New York, Feb 3, 2026, 06:03 EST — Premarket action underway.
- After a steep selloff over the weekend, Bitcoin ticked up early Tuesday.
- Traders are parsing Fed-policy cues amid a disrupted U.S. data schedule.
- On Monday, spot bitcoin ETF flows flipped back into positive territory.
Bitcoin, the largest cryptocurrency by market cap, climbed roughly 0.8% to $78,067, bouncing between $77,434 and $79,155 during the session. Ether inched up 0.2% to $2,282.
The Bitcoin price drop follows a harsh slide triggered by a wider selloff in risk assets, fueled by weak Microsoft earnings and a steep decline in precious metals that rattled investors. Data provider CoinGlass reported recent bitcoin liquidations — forced closures of leveraged positions when losses exceed margin limits — at around $2.56 billion. “Investors were looking for an excuse to lighten up and they finally got several,” said David Morrison, senior market analyst at Trade Nation. (Reuters)

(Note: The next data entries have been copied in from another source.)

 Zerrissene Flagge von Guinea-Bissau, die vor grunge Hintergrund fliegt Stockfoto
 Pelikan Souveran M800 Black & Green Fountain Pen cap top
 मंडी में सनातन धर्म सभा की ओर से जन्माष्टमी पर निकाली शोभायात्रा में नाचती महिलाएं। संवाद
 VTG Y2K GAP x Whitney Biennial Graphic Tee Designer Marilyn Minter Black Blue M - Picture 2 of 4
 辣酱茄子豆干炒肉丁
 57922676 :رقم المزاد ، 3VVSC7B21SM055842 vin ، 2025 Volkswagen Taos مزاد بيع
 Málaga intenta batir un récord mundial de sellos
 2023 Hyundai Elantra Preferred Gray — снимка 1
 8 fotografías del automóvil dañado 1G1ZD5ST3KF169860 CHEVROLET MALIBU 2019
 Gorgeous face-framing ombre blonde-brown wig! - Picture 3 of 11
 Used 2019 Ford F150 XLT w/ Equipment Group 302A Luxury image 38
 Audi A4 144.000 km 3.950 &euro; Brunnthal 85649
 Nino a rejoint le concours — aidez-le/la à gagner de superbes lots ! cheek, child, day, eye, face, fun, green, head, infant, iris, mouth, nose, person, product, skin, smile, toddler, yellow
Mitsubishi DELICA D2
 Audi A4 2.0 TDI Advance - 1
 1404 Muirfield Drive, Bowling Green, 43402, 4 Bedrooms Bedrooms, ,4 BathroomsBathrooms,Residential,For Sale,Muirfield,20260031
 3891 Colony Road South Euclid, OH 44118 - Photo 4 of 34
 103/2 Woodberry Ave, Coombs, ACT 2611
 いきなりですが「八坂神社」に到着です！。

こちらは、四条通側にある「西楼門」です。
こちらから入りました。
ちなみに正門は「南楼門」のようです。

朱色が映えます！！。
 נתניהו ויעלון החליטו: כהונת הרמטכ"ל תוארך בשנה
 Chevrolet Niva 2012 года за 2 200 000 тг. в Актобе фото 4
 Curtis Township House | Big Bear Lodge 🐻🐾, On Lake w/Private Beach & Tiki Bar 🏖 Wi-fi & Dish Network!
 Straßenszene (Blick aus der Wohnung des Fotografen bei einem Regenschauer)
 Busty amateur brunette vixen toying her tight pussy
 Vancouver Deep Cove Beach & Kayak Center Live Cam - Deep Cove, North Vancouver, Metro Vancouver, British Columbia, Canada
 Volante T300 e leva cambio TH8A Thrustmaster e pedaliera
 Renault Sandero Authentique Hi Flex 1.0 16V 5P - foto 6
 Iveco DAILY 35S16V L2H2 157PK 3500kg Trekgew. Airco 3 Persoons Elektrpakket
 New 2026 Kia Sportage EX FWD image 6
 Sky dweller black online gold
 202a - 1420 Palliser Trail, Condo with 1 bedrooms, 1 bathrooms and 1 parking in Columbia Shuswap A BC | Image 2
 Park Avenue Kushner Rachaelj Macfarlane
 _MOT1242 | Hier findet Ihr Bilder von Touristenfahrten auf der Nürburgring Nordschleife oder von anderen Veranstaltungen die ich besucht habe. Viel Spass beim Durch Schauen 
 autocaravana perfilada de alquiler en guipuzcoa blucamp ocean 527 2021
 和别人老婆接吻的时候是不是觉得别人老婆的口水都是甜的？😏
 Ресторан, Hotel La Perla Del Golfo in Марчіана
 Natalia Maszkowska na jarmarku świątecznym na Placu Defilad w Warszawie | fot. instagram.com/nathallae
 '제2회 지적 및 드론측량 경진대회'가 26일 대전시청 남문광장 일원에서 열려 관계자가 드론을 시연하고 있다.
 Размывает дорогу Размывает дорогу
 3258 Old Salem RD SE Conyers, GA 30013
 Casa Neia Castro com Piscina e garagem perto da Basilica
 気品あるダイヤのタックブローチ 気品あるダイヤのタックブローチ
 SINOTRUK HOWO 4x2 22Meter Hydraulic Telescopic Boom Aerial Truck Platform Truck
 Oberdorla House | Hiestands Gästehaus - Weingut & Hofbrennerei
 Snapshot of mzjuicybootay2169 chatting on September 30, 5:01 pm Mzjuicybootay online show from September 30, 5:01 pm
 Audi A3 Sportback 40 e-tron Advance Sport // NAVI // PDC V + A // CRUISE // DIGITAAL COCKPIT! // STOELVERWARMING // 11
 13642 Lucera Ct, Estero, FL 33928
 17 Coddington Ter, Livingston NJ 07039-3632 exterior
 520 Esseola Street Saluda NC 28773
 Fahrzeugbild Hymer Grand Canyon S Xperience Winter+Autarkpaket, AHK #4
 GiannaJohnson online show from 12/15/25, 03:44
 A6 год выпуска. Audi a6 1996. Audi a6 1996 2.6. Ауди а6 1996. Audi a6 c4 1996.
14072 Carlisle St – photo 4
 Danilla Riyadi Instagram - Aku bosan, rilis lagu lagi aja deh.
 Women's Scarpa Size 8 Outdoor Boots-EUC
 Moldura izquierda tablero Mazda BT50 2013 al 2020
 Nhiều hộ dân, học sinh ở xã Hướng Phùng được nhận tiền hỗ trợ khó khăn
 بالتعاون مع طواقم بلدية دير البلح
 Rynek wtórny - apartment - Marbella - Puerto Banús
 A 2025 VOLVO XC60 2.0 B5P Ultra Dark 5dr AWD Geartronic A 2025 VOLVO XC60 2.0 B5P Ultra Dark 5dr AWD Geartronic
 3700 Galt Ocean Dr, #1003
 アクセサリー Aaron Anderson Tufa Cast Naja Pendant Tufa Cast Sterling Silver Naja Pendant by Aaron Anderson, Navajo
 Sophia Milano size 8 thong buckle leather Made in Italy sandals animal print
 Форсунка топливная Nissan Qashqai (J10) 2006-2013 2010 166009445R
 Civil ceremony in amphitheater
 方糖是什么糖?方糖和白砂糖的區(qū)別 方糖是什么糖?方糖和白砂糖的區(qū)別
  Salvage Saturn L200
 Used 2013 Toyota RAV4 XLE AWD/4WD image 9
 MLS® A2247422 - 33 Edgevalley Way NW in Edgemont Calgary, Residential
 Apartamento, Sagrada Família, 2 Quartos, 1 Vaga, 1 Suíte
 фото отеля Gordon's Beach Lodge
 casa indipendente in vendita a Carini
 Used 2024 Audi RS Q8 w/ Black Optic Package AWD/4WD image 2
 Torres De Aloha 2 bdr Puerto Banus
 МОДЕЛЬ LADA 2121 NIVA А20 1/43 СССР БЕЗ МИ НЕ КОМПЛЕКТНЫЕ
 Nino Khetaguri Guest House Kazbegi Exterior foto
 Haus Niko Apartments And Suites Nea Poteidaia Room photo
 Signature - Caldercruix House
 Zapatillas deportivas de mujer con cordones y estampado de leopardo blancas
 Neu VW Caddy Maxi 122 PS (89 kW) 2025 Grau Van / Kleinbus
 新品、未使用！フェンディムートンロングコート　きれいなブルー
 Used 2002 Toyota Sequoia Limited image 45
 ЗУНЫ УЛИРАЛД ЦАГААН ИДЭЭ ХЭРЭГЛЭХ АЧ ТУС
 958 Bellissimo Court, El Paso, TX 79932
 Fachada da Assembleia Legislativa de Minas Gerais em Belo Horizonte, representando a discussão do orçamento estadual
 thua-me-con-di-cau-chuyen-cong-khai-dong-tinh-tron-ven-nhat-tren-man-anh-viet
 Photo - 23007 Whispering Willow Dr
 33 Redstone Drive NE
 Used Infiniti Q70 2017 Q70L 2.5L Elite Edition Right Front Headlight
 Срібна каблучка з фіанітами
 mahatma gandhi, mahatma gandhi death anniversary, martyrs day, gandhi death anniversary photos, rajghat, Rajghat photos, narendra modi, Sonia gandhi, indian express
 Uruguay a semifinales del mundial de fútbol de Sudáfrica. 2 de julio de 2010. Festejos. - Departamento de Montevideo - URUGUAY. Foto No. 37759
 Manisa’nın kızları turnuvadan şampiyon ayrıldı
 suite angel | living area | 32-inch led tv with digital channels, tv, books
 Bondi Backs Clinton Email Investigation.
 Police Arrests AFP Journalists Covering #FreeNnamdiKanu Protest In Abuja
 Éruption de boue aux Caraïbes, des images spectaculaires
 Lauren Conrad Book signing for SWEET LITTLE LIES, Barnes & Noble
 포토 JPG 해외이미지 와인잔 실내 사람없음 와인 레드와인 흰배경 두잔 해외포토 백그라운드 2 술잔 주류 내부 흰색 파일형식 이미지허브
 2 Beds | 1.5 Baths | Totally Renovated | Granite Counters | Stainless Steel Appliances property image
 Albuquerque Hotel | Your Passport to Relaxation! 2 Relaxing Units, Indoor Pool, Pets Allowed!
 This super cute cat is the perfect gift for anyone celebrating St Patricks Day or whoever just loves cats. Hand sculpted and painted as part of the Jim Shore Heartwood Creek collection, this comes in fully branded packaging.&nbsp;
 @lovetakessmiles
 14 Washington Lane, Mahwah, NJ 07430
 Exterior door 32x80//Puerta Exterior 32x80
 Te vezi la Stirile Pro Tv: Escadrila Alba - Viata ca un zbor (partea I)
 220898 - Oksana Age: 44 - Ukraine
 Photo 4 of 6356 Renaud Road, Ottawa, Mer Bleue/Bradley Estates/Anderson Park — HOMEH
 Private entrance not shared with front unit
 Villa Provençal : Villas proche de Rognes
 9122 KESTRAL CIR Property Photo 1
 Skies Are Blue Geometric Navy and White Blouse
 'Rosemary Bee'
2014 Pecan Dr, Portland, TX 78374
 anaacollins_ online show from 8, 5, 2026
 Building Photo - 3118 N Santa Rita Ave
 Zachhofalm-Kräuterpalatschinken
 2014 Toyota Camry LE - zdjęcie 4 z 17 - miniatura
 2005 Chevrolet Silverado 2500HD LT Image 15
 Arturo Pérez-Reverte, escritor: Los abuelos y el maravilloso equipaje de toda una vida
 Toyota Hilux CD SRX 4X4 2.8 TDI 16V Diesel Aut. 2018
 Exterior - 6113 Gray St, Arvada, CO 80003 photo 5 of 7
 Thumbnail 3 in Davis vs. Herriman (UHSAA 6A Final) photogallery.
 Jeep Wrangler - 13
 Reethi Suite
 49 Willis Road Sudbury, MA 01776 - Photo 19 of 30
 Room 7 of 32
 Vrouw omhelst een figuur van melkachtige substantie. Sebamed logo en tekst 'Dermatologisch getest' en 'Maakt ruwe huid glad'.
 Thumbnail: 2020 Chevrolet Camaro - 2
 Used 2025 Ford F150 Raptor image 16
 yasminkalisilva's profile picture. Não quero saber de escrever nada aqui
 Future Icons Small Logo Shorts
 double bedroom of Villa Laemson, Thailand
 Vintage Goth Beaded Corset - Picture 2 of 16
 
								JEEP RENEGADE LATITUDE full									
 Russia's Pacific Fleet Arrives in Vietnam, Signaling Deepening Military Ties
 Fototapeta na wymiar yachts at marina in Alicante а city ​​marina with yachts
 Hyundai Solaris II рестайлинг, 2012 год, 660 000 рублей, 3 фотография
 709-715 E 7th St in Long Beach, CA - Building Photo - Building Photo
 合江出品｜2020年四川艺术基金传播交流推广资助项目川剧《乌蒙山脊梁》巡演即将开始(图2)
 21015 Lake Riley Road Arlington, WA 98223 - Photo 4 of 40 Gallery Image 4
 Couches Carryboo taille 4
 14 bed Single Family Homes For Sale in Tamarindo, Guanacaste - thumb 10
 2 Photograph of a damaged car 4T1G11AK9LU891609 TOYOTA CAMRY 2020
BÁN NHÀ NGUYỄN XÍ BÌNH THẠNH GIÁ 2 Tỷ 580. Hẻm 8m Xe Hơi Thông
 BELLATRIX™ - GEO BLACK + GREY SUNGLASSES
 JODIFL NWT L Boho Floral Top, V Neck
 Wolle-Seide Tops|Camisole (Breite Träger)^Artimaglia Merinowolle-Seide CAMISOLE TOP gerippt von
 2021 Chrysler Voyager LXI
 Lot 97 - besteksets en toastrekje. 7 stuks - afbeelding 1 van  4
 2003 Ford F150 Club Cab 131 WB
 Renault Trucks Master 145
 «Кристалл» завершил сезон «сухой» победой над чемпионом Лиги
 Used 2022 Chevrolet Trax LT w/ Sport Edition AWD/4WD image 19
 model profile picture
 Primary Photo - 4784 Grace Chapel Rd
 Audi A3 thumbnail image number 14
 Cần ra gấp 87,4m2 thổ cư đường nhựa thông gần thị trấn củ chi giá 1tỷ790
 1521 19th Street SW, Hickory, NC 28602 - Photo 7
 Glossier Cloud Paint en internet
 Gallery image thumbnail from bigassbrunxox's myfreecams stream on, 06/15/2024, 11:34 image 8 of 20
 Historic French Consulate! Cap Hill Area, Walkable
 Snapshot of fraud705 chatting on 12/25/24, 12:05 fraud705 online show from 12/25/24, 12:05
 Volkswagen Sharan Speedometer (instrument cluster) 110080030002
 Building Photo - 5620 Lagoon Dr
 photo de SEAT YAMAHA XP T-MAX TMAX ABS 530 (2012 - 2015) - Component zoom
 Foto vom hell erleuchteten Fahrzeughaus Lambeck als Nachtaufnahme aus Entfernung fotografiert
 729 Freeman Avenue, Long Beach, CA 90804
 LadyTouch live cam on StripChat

Why it matters now: Bitcoin has behaved like a risk barometer, with traders debating if the recent forced selling marked a cleanup or the beginning of tougher times. Liquidity has been uneven, and the next move could hinge more on policy updates than crypto-specific developments.
Kevin Warsh, Donald Trump’s pick to head the Federal Reserve, remains in focus. Joe Abate of SMBC Capital Markets warned that shrinking the Fed’s balance sheet—its stash of bonds and assets—won’t happen swiftly. “Actually reducing the size of the balance sheet is a nonstarter…Banks want this level of reserves,” he said. (Reuters)
U.S.-listed spot bitcoin ETFs—funds that hold bitcoin and trade like stocks—saw net inflows of $561.8 million on Feb. 2, according to Farside Investors data. BlackRock’s iShares Bitcoin Trust attracted $142.0 million, Fidelity Investments’s FBTC added $153.3 million, and Bitwise Asset Management’s BITB recorded $96.5 million. (Farside)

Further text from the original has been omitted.